Additionally, we assessed the relationship between the proportion of Ericaceae pollen collected and habitat type as a categorical variable (urban, agricultural, and natural). To assess this relationship, we used a generalized mixed effects model with a beta distribution that included the proportion of Ericaceae pollen as a response variable, habitat type as a fixed effect, and site and collection week nested with year as random effects. We assessed significance of this model using a type II ANOVA and conducted a priori comparisons of means across habitat types using Tukey’s HSD test.

Body size

To assess the response of H. laboriosa body size to land-use change, we created a full model including the same predictor variables described above (floral diversity per site per collection day, cultivated blueberry, other cropland, forest, and urban development in the 500 m radius surrounding the site). We then used the above-described model selection procedure to determine which of these fixed effects influenced body size. The candidate models and averaged model were linear mixed effects models that included the two random effects of site and collection week nested within year.
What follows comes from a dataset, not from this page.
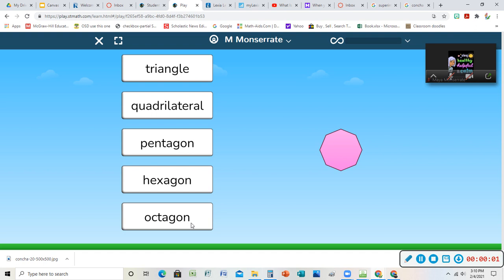I'm going to make you this video just in case. So I look at this shape, right? I have to see, is it a triangle, a quadrilateral, a pentagon, a hexagon, an octagon?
Finally, we assessed the relationship between the proportion of Ericaceae pollen collected and bee body size because previous work has shown that larger bees are more competitive in pollen collection compared to smaller conspecifics (Roulston and Cane 2002; Peterson and Roitberg 2006; Burkle and Irwin 2009; Baron et al. 2014). We tested this relationship using a generalized mixed effects model with a beta distribution that included the proportion of Ericaceae pollen collected as the response variable, body size as a fixed effect, and site and collection week within year as random effects.

All models for both pollen collection and body size were checked for multicollinearity using the car R package. Predictors in all full models were found to have variance inflation factors (VIF) between 1.046 – 3.008. We report the relative variable importance (RVI) as the sum of Akaike weights (SW) per predictor variable for all models included in the averaged model (Anderson and Burnham 2002). RVI ranges from zero to one, where zero indicates that the predictor variable is not found in any models included in the averaged model (Anderson and Burnham 2002; Giam and Olden 2016). We also report the number of models within the average model that include each predictor variable.

Results

The site selection procedure yielded 29 sites that varied in floral density, floral diversity, and the proportion of host plant inflorescences (Table S2.1; Fig. S2.1), as well as represented a gradient of surrounding land use including cultivated blueberry, other cropland, forest, and urban development (Table S2.1; Fig. S2.2). Habropoda laboriosa were recorded visiting flowering plants in all sites, and H. laboriosa visitation rates did not vary across habitat types (Table S2.1; Fig. S2.1C). This study included 371 female H. laboriosa specimens with 269 pollen loads (as some collected females did not have pollen loads). It also included 272 assessments of floral diversity and H. laboriosa visitation rates across 29 sites and two years.

Agricultural sites were blueberry farms where the most common flowering plant was cultivated southern highbush blueberry, Vaccinium darrowii x corymbosum, but flowering agricultural weeds, such as Hydrocotyle spp., were also abundantly present (Table S1.2). In natural habitats, two of the most common plants were Vaccinium spp., Vaccinium myrsinites, and Vaccinium darrowii, while another plant in the family Ericaceae, Gaylussacia nana, was also very common (Table S1.2). The most common flowering plants in urban habitats were Pentas spp., and though Vaccinium spp. were not common, other Ericaceae plants including Rhododendron spp. were relatively abundant (Table S1.2).

Pollen collection

The proportion of Ericaceae pollen collected by H. laboriosa varied significantly with habitat type (χ2 = 13.934, p = 0.001). The proportion of Ericaceae pollen collected by H. laboriosa was significantly lower in urban habitats (estimate = 0.18) than in natural habitats (estimate = 0.45) or agricultural habitats (estimate = 0.37). Other cropland, cultivated blueberry, forest, and urban development in a 500 m radius were all included in the averaged models predicting both the diversity of pollen loads and the proportion of host plant (Ericaceae) pollen collected by H. laboriosa females (Table 1). The most important predictor variables in the averaged model assessing both the diversity of pollen loads and the proportion host plant (Ericaceae) pollen collected were forest (RVI = 1.00, 0.72, respectively), other cropland (RVI = 0.90, 0.88, respectively), and cultivated blueberries (RVI = 0.79, 1.00, respectively). The diversity of pollen in pollen loads increased as all focal landcover categories decreased in the 500 m radius (Table 1; Fig. 2), while the proportion of host plant (Ericaceae) pollen in pollen loads increased with increasing amounts of cultivated blueberry, cropland, and forest in the landscape, but decreased with increasing amounts of urban development (Table 1; Fig. 3). Floral diversity was also included in the averaged model predicting the proportion of host plant (Ericaceae) pollen collected but not in the model predicting the diversity of pollen collected (Table 1). The proportion of host plant pollen collected increased with increasing floral diversity (Table 1; Fig. 3). The null model was not included in the averaged models assessing either pollen diversity collected or host pollen collection.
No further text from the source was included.